Certification Europe are our appointed external assessment body; we are assessed at least twice a year against a three-year audit plan.
International Standards for Assurance Engagements (ISAE) No. 3402
ISAE 3402 is the international version of the North American SSAE 16. Together they replaced the SAS 70 auditing standard.
A SOC (Service Organization Controls) Report is produced providing customers with externally validated and unbiased information about the nature and effectiveness of the operational controls in place at the organisation.
SOC Reports are split into two types: Type I and Type II. In a Type I report the auditor evaluates the controls of an organisation at the time of audit to prevent accounting errors and misrepresentation. The auditor also evaluates the likelihood that those controls will produce the desired results. A Type II report includes the same information as that contained in a Type I report but also attempts to determine the effectiveness of the controls since their implementation. Type II typically utilise data compiled over a six-month period of time. A global Type II SOC1 report is produced concerning the controls in place in Rackspace.
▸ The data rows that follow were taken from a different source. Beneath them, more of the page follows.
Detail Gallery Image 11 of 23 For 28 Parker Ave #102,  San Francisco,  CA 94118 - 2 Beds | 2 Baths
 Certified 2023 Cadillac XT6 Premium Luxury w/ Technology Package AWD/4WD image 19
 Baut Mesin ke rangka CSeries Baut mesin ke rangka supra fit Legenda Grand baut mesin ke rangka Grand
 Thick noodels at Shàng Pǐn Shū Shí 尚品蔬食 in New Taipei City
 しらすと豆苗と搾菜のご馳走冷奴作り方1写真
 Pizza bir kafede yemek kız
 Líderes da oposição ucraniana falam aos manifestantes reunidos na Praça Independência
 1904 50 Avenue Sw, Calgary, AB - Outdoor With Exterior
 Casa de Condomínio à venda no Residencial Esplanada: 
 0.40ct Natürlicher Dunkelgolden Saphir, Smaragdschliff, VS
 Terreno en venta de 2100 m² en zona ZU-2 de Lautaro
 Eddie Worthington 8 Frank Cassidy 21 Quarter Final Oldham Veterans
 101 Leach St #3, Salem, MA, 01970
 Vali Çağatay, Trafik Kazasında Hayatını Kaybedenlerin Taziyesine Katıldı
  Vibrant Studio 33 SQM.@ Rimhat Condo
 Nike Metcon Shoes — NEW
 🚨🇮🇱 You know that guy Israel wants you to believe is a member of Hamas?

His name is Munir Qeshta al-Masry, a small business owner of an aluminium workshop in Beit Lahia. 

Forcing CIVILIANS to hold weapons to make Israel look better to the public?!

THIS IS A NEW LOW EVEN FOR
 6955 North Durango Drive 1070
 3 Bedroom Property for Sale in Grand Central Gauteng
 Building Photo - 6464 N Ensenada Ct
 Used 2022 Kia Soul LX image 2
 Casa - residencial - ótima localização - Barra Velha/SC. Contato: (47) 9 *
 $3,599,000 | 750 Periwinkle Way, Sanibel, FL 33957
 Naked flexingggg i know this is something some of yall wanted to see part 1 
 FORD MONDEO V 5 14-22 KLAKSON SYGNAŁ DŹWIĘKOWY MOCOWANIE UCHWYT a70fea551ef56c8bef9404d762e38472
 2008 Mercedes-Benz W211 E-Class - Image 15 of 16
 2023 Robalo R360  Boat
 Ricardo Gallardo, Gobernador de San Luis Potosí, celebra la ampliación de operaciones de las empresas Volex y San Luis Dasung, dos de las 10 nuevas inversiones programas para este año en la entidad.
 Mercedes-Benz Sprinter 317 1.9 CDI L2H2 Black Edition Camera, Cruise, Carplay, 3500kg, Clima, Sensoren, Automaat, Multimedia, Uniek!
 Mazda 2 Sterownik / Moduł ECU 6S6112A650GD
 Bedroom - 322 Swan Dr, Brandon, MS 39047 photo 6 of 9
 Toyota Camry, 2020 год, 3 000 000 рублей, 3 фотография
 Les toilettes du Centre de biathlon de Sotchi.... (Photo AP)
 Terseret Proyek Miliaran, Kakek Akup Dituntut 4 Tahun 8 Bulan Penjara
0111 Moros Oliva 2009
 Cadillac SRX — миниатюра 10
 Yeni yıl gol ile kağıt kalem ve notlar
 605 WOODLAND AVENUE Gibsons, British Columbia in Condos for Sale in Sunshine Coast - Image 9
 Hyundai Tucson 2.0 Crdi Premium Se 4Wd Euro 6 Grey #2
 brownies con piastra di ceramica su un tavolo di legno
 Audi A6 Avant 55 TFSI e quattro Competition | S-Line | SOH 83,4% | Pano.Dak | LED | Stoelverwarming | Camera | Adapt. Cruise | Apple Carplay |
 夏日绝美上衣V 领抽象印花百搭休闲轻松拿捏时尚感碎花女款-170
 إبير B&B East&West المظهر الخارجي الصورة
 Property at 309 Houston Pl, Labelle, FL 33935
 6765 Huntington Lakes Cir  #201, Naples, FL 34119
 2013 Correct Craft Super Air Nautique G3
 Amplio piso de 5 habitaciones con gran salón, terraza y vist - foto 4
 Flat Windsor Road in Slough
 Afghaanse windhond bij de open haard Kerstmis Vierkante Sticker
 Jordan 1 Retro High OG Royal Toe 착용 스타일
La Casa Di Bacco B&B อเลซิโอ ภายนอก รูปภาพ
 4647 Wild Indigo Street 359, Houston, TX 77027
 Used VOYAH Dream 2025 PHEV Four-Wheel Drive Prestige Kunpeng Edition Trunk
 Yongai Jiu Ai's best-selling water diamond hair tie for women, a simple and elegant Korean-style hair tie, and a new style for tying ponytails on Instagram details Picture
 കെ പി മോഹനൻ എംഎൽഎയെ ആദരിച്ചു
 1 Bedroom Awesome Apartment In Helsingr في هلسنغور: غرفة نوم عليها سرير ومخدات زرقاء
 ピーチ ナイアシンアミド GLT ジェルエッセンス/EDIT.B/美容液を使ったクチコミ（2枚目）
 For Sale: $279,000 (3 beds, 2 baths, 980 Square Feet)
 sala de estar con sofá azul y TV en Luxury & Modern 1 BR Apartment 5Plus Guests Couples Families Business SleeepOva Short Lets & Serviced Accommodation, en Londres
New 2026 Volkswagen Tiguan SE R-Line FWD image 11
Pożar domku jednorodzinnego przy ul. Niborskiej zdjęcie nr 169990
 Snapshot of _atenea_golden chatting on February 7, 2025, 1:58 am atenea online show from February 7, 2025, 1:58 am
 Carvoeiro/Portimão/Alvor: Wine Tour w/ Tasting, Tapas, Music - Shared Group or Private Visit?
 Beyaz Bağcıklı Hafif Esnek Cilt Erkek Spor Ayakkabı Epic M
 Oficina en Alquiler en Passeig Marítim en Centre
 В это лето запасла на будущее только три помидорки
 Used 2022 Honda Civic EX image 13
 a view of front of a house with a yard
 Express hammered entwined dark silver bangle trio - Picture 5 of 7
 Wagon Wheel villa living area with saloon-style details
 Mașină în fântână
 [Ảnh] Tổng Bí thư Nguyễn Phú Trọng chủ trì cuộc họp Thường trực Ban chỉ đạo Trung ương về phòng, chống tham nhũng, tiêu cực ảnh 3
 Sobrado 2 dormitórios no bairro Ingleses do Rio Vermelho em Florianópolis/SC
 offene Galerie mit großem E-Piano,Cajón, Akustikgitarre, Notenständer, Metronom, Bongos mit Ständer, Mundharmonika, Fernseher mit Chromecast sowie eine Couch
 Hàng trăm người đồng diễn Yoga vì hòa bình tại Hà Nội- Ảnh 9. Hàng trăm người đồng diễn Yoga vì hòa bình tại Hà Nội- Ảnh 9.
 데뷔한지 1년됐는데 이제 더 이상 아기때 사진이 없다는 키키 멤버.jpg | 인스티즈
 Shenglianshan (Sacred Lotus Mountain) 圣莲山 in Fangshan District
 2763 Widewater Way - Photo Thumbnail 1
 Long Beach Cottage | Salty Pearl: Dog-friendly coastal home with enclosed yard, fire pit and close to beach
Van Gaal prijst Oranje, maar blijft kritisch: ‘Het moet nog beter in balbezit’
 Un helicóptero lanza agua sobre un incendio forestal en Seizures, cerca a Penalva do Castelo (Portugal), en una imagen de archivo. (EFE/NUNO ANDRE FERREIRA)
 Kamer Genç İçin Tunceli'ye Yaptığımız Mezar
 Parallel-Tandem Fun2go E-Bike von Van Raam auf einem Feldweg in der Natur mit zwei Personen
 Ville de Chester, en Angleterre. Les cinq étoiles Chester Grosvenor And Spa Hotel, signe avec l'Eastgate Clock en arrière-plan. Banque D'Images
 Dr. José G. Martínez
What does it mean for our customers?
The Rackspace Type II SOC reports can be used to satisfy requirements under both the ISAE 3402 and SSAE 16 standards. This report contains a description of the controls we have in place and the auditor’s informed opinion of how effective the controls were during the audit period. The audit period for Rackspace extends from October 1st to September 30th each year. We have aligned it with our other associated security standards and requirements (ISO 27001 and PCI-DSS controls) to provide multiple evidence of our security credentials.
The Mobile Application
The mobile application, which can be used on Android and iOS devices, transmits all data through our API which is accessed through the same SSL channels as the website uses, i.e. All traffic to and from the app is over https. We don’t eve entertain traffic over http, we instantly force a https connection instead.
The app requires a secure login and authentication much in the same way the website does and the app is very limited in what it can do, it can only upload observation data and it can only access class lists, it cannot access any score data, any analysis or confidential information.